# Your favourite "ear candy"?



## brianvds (May 1, 2013)

In the visual arts, "eye candy" refers to work that might not exactly be great art, but that the viewer finds beguiling because, well, it is simply too lushly beautiful to resist (even if it doesn't "say" anything particularly deep). 

I don't know if music lovers use the term I used here, but what would your musical (classical or otherwise) equivalent?

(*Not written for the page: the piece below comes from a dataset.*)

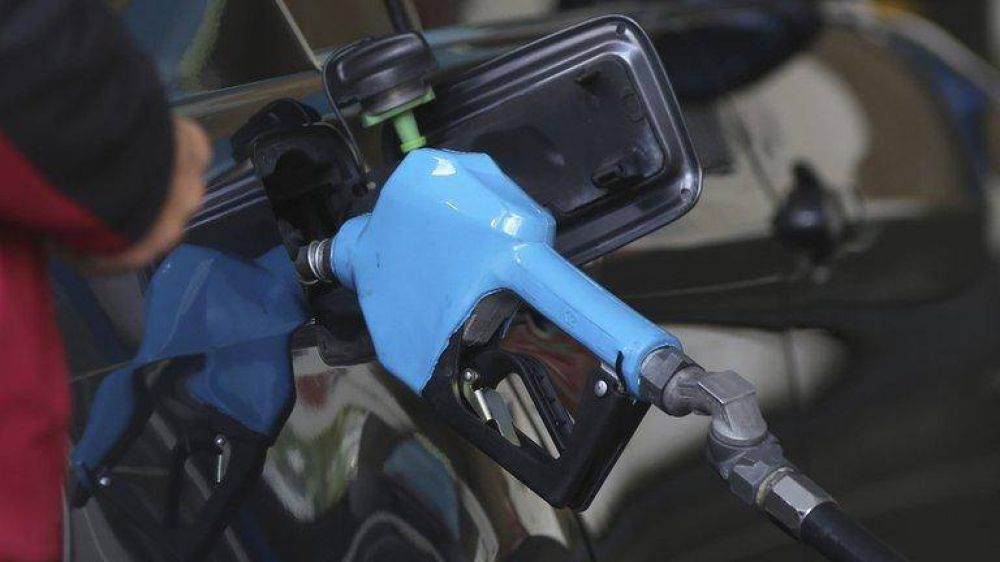 El Gobierno actualizar el impuesto a los combustibles: cunto podran aumentar la nafta y el gasoil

In my case, some New Agey bits comes across as aural candy (and little else, I fear!), as well as some of those long, colorful ribbons of melody that Ravi Shankar used to weave on his sitar. And more in purely classical vein, some of the Romantic do this - Bruch comes to mind. 

What say you?


----------



## hpowders (Dec 23, 2013)

Debussy Preludes for Piano, sonically beguiling, but for me, not very deep as music. "Musical perfume" is how I would describe them.


----------



## Strange Magic (Sep 14, 2015)

Any number of the Rachmaninoff Preludes and Études Tableaux fill that description for me. Very good candy indeed!


----------



## Bettina (Sep 29, 2016)

A lot of Russian music is "ear candy" for me because of the colorful orchestration. This is particularly true of Russian exoticism--for example, Rimsky-Korsakov's Scheherazade, Borodin's In the Steppes of Central Asia, and his Polovetsian dances (I probably misspelled that because its title is so exotic!)


----------



## Nate Miller (Oct 24, 2016)

as a guitarist, I would say that description fits about 90% of the repertoire for my instrument

but I enjoy the music of Mauro Giuliani quite a bit. both playing and listening


----------



## isorhythm (Jan 2, 2015)

_The Lark Ascending_ by Vaughan Williams
_The Dharma at Big Sur_ by John Adams
_Os justi meditabitur_ by Bruckner
any Rachmaninoff


----------



## jegreenwood (Dec 25, 2015)

Nate Miller said:


> as a guitarist, I would say that description fits about 90% of the repertoire for my instrument
> 
> but I enjoy the music of Mauro Giuliani quite a bit. both playing and listening


I believe I have already described (in other threads) Parkening Plays Bach as my musical equivalent of comfort food.


----------



## geralmar (Feb 15, 2013)

Binge, Elizabethan Serenade.


----------



## Francis Poulenc (Nov 6, 2016)

If it produces a strong emotional reaction, wouldn't it be, by definition, "great art"?


----------



## Nate Miller (Oct 24, 2016)

jegreenwood said:


> I believe I have already described (in other threads) Parkening Plays Bach as my musical equivalent of comfort food.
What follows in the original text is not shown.